When everything goes well, it’s common for the output of utility-scale farms, and smaller systems, to be boosted by an impressive 3%. Better still, this 3% higher output is available from the first day of plant operations, and makes a hard-to-ignore difference to a solar project’s revenue.
Last year alone, 1.42 GW of large-scale solar farms were built in Australia. Increasing their collective output by 3% is equivalent to adding 43 MW of additional clean energy to the grid. If that’s not impressive enough, consider that the cost of implementing an effective quality assurance regime for all these projects would only be a tiny fraction of the cost of building one new 43 MW plant. These statistics speak for themselves.
When I tell people I work in testing and quality control/assessment of solar panels, I’m usually asked: “Which panels should I buy?”
As a solar energy enthusiast, I’m heartened by growing evidence that more solar panels are being installed on rooftops across this sunny country of ours. It helps the domestic market in Australia better understand why testing is a foundation philosophy of PV Lab Australia, which was founded in 2013.
But is the consumer asking the right question when they ask which panels they should buy? I say it’s the wrong question. A better question would be: “How should I buy my panels?”
Testing is an important part of the quality assurance process. Our testing programs are more accurate and cheaper when completed on large volumes of panels. This is great for large-scale commercial purchasers. Small consumers can take heart in reading the Blue Reports we have written, with the support of an Australian Capital Territory government grant. These are targeted to help the market buy in a smarter way.
To demonstrate the importance of asking the right question, consider these two case studies (see the charts to the right), which show tests of nameplate power for many solar panels from four solar farms. In both cases, the x-axis shows performance relative to nameplate with 0 (dotted red line) being the nameplate. In both cases, the y axis shows the percentage of panels in the batch that fall into a particular “bin” of performance relative to the nameplate power rating.
So, in case study one, many panels (dark blue bars) were 1% above nameplate and many (light blue bars) were 2.5% below the nameplate. Similarly, in case study two, most of the group indicated by the light blue bars were slightly underperforming and most of the other group were ~5% above nameplate.
In both case studies, if consumers buy panels that fall to the right of the red dotted line, they’re doing well. If consumers buy panels that fall to the left of the red dotted line, then something is wrong with the quality assurance of the purchase. What’s interesting is that the two groups in case study 1 are the same tier 1 brand. The only difference is they were shipped to different Australian solar farms. The two groups in case study 2 are a different tier 1 brand, again shipped to different Australian solar farms.
These results prove that a brand name isn’t a meaningful judge of quality. Even reputable brands vary between batches, and up to a disturbing 6%.
So what do consumers have to do to buy well? It’s essential to build an understanding of various considerations, including:
· What the manufacturer can control, such as the power rating on panels, type of EVA and storage conditions.

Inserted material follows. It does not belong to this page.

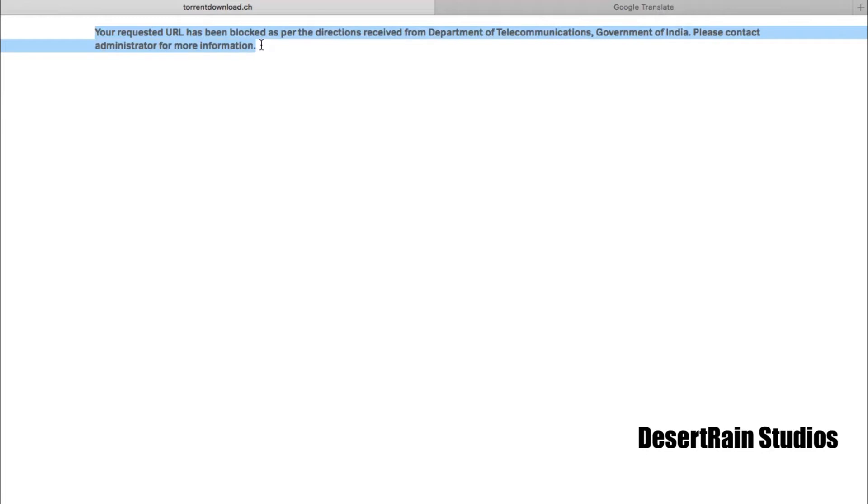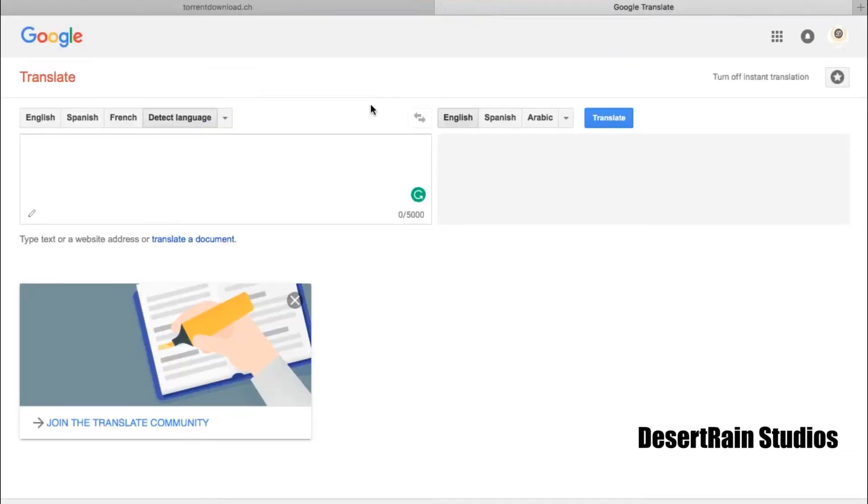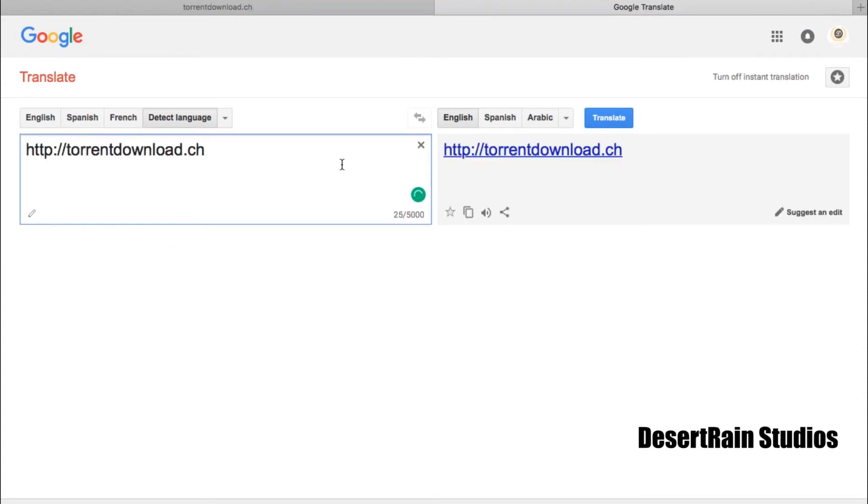We have a blocked website that we need to access. We will use the Google Translate website. We will go to Google Translate and type the address of the blocked website.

· How to check quality, with options including independent third-party testing at the farm gate, combined with factory inspections.
· The repercussions of the quality process, including whether panels are under power and whether the contract price will be reduced accordingly.
Having an independent expert who has an eye for detail on your side is a massive advantage. Quality assurance, testing and risk management on any solar project – but especially large-scale ones – is about gathering the correct information in the right way, starting with asking the right questions.
The views and opinions expressed in this article are the author’s own, and do not necessarily reflect those held by pv magazine.